§ **WORK INSTRUCTION**: Of the entries below, return only those lines from the line with "YAMAHA ヤマハ トロンボーン ジャンク" to the line with "Peanuts 2023 Snoopy", exactly, both included.

§ **Saved entries**:
▼
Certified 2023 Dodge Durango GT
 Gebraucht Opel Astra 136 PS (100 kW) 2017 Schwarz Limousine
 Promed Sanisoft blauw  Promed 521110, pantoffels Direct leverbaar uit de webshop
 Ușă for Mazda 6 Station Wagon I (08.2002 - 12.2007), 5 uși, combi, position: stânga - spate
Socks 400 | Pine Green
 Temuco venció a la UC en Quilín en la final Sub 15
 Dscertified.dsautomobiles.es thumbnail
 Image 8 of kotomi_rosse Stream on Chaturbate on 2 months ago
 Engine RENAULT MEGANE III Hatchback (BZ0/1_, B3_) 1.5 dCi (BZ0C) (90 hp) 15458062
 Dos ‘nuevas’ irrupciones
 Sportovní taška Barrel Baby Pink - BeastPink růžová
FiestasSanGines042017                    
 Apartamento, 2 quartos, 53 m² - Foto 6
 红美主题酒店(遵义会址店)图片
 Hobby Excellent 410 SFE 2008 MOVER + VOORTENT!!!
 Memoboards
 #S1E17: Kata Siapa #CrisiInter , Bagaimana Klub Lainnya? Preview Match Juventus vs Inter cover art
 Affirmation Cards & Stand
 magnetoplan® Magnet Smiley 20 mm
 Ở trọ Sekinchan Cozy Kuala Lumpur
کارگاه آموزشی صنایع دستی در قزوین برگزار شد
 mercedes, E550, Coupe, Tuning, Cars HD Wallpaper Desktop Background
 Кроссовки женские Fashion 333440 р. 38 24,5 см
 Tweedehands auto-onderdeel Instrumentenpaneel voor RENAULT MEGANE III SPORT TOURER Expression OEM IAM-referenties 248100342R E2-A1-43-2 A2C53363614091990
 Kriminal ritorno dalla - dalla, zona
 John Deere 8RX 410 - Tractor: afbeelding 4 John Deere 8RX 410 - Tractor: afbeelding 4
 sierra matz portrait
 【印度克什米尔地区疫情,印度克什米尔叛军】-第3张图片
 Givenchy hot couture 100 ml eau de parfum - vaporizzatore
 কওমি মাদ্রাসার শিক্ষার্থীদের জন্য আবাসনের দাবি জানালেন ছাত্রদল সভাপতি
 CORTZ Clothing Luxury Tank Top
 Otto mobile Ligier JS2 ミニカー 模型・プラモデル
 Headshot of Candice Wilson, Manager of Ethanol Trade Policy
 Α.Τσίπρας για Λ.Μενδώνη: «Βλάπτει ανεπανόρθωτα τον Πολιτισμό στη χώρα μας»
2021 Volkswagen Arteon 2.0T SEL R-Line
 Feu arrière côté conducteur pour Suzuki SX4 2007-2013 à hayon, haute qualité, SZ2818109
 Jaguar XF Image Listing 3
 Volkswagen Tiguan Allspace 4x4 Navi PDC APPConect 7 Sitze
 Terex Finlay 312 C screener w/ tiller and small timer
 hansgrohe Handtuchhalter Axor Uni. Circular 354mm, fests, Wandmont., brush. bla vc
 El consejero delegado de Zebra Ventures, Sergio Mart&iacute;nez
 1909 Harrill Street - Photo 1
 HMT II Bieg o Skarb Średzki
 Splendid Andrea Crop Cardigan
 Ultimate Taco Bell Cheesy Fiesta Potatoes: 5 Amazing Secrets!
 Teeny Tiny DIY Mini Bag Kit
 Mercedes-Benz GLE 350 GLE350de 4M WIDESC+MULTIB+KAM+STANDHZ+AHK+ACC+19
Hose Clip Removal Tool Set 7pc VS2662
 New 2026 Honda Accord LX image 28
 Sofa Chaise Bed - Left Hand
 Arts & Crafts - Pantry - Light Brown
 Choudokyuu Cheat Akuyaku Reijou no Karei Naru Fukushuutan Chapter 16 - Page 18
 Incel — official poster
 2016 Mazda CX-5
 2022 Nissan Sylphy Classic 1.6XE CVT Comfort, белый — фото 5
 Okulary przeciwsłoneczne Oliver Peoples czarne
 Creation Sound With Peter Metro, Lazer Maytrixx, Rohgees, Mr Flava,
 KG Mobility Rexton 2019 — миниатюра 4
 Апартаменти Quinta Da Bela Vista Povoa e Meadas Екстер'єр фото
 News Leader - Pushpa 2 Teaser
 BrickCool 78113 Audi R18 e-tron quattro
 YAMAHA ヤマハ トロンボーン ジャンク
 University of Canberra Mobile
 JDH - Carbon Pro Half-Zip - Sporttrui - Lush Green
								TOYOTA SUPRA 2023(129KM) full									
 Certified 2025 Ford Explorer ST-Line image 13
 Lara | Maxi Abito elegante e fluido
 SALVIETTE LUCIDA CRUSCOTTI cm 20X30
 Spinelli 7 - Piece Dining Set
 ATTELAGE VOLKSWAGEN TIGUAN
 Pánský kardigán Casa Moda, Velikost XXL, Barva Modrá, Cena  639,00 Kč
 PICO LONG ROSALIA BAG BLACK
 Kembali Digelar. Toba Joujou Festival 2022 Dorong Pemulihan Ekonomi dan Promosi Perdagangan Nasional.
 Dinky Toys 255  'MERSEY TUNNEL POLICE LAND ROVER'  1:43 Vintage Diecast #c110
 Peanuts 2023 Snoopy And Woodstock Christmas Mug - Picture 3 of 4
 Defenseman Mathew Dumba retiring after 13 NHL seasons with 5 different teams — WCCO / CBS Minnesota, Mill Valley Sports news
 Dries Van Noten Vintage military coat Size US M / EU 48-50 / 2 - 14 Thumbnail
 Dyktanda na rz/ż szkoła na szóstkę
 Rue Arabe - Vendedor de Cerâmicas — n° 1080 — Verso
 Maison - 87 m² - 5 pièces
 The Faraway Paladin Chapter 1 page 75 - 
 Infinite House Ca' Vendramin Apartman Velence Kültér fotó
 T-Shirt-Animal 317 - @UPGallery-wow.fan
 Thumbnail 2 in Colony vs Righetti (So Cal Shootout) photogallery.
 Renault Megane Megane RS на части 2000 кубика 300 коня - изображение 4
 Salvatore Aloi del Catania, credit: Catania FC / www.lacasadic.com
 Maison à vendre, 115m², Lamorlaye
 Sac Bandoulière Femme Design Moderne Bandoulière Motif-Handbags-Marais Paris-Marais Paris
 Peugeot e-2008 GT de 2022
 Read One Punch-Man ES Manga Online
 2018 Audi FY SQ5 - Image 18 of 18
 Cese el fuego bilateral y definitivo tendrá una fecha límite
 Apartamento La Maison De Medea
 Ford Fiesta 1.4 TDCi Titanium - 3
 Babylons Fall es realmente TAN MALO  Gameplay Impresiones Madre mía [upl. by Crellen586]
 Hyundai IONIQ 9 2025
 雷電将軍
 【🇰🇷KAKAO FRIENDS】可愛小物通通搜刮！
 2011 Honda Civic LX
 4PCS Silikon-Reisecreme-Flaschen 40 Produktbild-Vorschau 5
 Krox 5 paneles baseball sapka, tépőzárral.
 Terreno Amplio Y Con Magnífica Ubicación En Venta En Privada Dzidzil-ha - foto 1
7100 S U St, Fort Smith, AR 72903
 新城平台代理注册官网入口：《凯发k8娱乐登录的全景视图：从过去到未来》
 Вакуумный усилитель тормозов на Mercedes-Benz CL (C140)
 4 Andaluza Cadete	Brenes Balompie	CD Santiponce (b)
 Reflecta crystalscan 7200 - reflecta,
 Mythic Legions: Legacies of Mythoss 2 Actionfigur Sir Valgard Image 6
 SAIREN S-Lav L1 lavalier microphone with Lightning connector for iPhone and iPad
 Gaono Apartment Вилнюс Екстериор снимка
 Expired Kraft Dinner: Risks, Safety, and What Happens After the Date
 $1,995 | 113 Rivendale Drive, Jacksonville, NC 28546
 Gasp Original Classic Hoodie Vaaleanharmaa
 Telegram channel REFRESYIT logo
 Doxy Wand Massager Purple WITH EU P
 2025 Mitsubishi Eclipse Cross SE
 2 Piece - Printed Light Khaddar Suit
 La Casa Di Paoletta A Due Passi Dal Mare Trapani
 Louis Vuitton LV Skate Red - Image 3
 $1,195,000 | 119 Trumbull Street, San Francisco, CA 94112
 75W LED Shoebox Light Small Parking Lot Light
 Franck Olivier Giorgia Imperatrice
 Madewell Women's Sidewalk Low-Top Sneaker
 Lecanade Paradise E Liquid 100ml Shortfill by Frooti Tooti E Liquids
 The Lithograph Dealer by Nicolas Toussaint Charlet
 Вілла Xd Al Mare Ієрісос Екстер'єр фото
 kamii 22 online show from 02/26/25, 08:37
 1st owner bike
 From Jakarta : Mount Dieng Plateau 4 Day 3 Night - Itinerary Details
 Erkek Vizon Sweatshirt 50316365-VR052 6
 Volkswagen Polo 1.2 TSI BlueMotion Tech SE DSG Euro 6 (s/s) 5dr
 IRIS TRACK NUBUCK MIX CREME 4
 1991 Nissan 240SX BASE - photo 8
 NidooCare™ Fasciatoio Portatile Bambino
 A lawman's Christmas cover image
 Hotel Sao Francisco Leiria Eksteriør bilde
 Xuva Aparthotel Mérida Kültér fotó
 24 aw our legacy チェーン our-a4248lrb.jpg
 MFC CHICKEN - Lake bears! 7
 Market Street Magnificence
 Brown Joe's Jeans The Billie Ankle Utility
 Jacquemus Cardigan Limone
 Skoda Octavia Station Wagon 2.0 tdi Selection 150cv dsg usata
▲
§ **EXERCISE RESULT**:
 YAMAHA ヤマハ トロンボーン ジャンク
 University of Canberra Mobile
 JDH - Carbon Pro Half-Zip - Sporttrui - Lush Green
								TOYOTA SUPRA 2023(129KM) full									
 Certified 2025 Ford Explorer ST-Line image 13
 Lara | Maxi Abito elegante e fluido
 SALVIETTE LUCIDA CRUSCOTTI cm 20X30
 Spinelli 7 - Piece Dining Set
 ATTELAGE VOLKSWAGEN TIGUAN
 Pánský kardigán Casa Moda, Velikost XXL, Barva Modrá, Cena  639,00 Kč
 PICO LONG ROSALIA BAG BLACK
 Kembali Digelar. Toba Joujou Festival 2022 Dorong Pemulihan Ekonomi dan Promosi Perdagangan Nasional.
 Dinky Toys 255  'MERSEY TUNNEL POLICE LAND ROVER'  1:43 Vintage Diecast #c110
 Peanuts 2023 Snoopy And Woodstock Christmas Mug - Picture 3 of 4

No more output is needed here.